WHAT YOU SHOULD DO ->
Leaving out the images, return the data below exactly as it is written.

───── COLLECTED MATERIAL

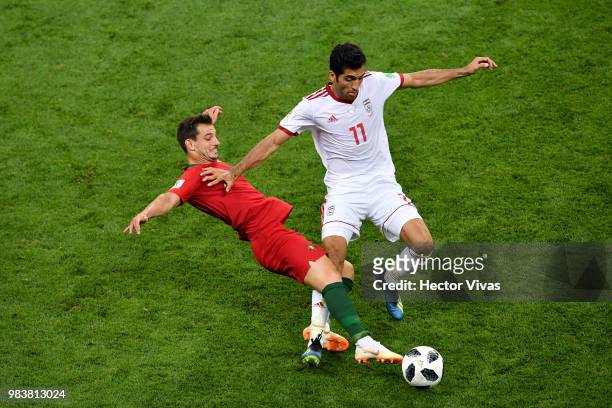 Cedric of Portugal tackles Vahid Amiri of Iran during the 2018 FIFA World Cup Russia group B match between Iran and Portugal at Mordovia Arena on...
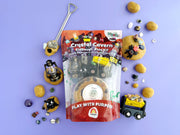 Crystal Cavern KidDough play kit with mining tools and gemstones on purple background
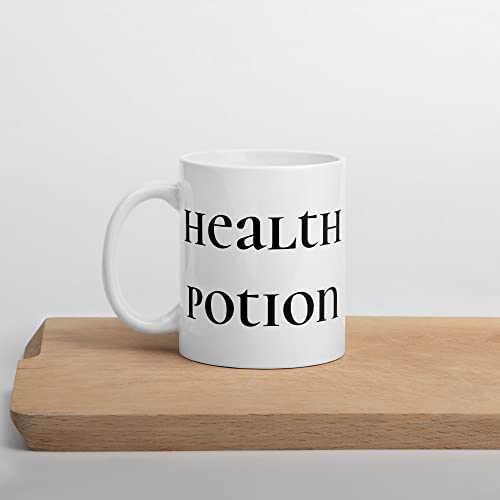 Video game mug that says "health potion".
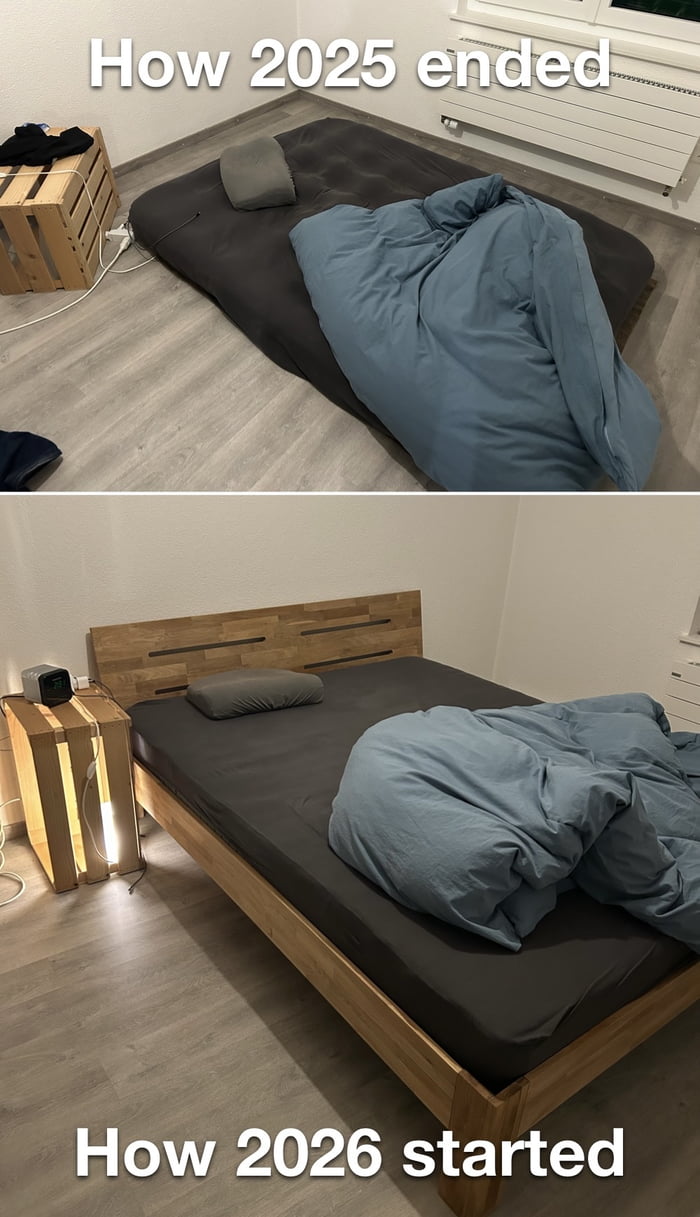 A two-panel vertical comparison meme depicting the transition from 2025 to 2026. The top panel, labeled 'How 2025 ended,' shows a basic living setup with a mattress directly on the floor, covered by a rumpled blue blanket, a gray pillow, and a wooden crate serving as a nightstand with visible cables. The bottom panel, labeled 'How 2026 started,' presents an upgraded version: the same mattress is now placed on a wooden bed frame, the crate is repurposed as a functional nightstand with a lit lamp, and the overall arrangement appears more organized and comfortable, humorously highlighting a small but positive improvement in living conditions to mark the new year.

──────────

SOLVED EXERCISE ->
 Cedric of Portugal tackles Vahid Amiri of Iran during the 2018 FIFA World Cup Russia group B match between Iran and Portugal at Mordovia Arena on...
 Crystal Cavern KidDough play kit with mining tools and gemstones on purple background
 Video game mug that says "health potion".
 A two-panel vertical comparison meme depicting the transition from 2025 to 2026. The top panel, labeled 'How 2025 ended,' shows a basic living setup with a mattress directly on the floor, covered by a rumpled blue blanket, a gray pillow, and a wooden crate serving as a nightstand with visible cables. The bottom panel, labeled 'How 2026 started,' presents an upgraded version: the same mattress is now placed on a wooden bed frame, the crate is repurposed as a functional nightstand with a lit lamp, and the overall arrangement appears more organized and comfortable, humorously highlighting a small but positive improvement in living conditions to mark the new year.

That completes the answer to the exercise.